Aleen Gulvanessian said the Glasgow-headquartered group’s results for 2022 were expected to be ahead of last year and in line with full-year expectations. Sales revenue in the year to date is running 11 per cent ahead of the same period last year, with weaker volumes being offset through the “effective management” of input price increases as the group tackles inflationary pressures.
The group noted that actions to improve productivity and streamline its operating footprint were being implemented. Net bank debt has also been slashed to £5 million from £9.7m at the end of June.
In a brief trading update, Gulvanessian told investors: “Given the well-publicised adverse market conditions we are pleased with the performance of the group so far in 2022 and confident in meeting our profit expectations for the year. Whilst challenges will continue to persist, with the experience of our management team, resilience of our business model and strong acquisition pipeline, we are well placed to maintain the group’s positive progress.”
Analysts at house brokerage Shore Capital noted: “Macfarlane Group has published a strong trading update for the period from the end of June to the end of October, building on a robust set of interim results in August. We also note a strong cash performance with net bank debt reducing since the end of June, from £9.7m to £5m. A pleasing performance to our minds, therefore.”
In August, the group said it was bracing itself for a “challenging environment” but remained confident that it could mitigate the impact of spiralling inflation. Posting first-half results revealing a rise in sales and profit, the firm said it had achieved a “solid performance”, particularly when compared to a strong trading period a year earlier. It said this had been achieved against the backdrop of a slowdown in spending from the e-commerce sector and “significant inflationary pressure” on operating costs.
The business employs more than 1,000 people at 37 sites, principally in the UK, as well as in Ireland, Germany and the Netherlands. It supplies more than 20,000 customers, chiefly in the UK and Europe.

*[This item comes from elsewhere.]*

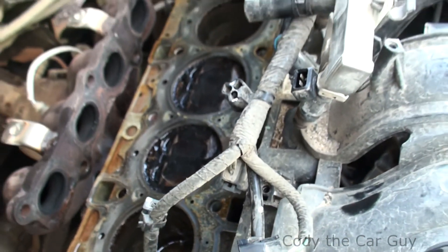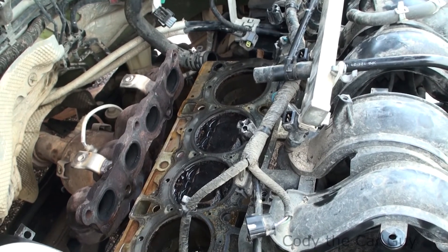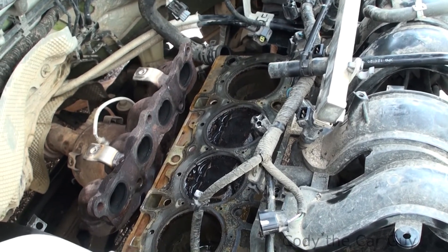We got the head off to go ahead and put new valves in it. There will be an actual how-to video on doing your timing belt on the Ford Fiestas — these are pretty technical but I will show you how to do it. So if you're getting ready to do a timing belt job, subscribe today and you'll see that one coming up here soon.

Results for the six months to the end of June showed that the group generated revenues from continuing operations of just over £139.2m, up 14 per cent on a year earlier. Operating profit was up 4 per cent to £9.6m while profit before tax rose 3 per cent to almost £8.9m. An interim dividend of 0.9p per share was declared, marking a year-on-year increase of 3 per cent.
Departing chairman Stuart Paterson said at the time: “The group has achieved a solid performance in the first half of 2022. This has been achieved against the backdrop of a slowdown in spend from the e-commerce sector and significant inflationary pressure on operating costs. We have also made strategic IT investments and incurred start-up costs on our new north-west of England distribution centre.”